Statistics show that fruit and vegetable imports have increased dramatically from Mexico in recent years. But why? University of Florida Associate Professor Zhengfei Guan explains why imports have gone up significantly over the last decade.
Mexico and Florida are in the same market window. They are direct competitors for such commodities as tomatoes, peppers, berries, cucumbers and squash.
Reasons Why Imports are Surging
It is due mainly to three main reasons: the depreciation of the peso, gaps in labor costs and Mexican subsidies.
“When NAFTA took effect in 1994, one peso was 30 cents in U.S. dollars. But now in 2021, it’s less than five cents. Just look at the last 10 years, since 2011, the peso has lost 40% of its value. That makes Mexican products cheaper and more competitive,” Guan said.
It is also well documented of the large gaps in labor costs between Mexico and the U.S.
“Mexican minimum wage is less than one dollar per hour. But Florida minimum wage was over $8 per hour. Now, it’s getting to $15 per hour because of the new mandate,” he added.
The Mexican government also subsidizes its fruit and vegetable industry. From 2006 to 2016, the average annual budget for subsidies was 59.2 billion pesos or $4.5 billion dollars. Protected agriculture is one of the subsidy programs. The government subsidizes 50% of the costs of protected structures like macro-tunnels, shade houses, anti-hail mesh and greenhouses.

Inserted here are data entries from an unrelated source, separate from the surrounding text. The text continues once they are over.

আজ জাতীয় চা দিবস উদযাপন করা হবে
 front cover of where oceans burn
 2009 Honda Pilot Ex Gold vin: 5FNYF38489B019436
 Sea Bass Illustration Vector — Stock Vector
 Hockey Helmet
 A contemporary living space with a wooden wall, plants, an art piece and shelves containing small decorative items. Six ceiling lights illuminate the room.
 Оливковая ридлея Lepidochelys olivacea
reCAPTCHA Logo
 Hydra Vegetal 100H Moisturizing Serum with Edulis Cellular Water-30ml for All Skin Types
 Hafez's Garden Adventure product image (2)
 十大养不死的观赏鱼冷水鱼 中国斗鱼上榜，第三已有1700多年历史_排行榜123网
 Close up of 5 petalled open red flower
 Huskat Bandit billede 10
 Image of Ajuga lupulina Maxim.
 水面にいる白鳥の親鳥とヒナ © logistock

In 2019, growers could get 4 million pesos or $200,000 per project.
“With generous support from the government, protected agriculture has been the fastest growing sector in Mexican agriculture and now has about 130,000 acres,” he added.
Approximately 95% of the protected acreage is for fruits and vegetables, with tomato being the largest crop in protected agriculture. It encompasses almost 40,000 acres in protected acres, compared to Florida’s total tomato production area of nearly 30,000 (almost all open fields).
Protected agriculture allows Mexican farmers to produce crops with higher yields, better quality, improved market access, higher prices, better pest control and reduced risk.
For example, Mexican-protected tomatoes yield about 130,000 pounds per acre, compared to Florida’s 30,000 pounds in an open field setting.
Not many remedies exist for producers who hope to compete long term. One potential fix is with mechanization and automation.
“The long-term solution for the industry is mechanization or automation. I would like to see a farm bill special funded program for mechanization or labor-saving technology. That is the future of the specialty crop industry,” Guan added.